> About this exercise: Return all records exactly. Nothing may be added.

Stored entries:
· · · · ·

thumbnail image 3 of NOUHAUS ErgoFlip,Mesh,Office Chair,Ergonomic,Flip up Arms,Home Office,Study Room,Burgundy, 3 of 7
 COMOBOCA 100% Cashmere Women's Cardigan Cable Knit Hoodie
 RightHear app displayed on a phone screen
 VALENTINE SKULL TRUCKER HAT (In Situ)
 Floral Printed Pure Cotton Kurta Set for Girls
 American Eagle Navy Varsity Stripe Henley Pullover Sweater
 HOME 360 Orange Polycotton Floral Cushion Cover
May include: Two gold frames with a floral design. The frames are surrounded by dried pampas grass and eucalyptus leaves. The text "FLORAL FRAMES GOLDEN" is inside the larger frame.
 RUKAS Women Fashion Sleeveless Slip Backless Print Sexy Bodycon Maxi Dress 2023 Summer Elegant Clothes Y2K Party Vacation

· · · · ·

> Expected output:
thumbnail image 3 of NOUHAUS ErgoFlip,Mesh,Office Chair,Ergonomic,Flip up Arms,Home Office,Study Room,Burgundy, 3 of 7
 COMOBOCA 100% Cashmere Women's Cardigan Cable Knit Hoodie
 RightHear app displayed on a phone screen
 VALENTINE SKULL TRUCKER HAT (In Situ)
 Floral Printed Pure Cotton Kurta Set for Girls
 American Eagle Navy Varsity Stripe Henley Pullover Sweater
 HOME 360 Orange Polycotton Floral Cushion Cover
May include: Two gold frames with a floral design. The frames are surrounded by dried pampas grass and eucalyptus leaves. The text "FLORAL FRAMES GOLDEN" is inside the larger frame.
 RUKAS Women Fashion Sleeveless Slip Backless Print Sexy Bodycon Maxi Dress 2023 Summer Elegant Clothes Y2K Party Vacation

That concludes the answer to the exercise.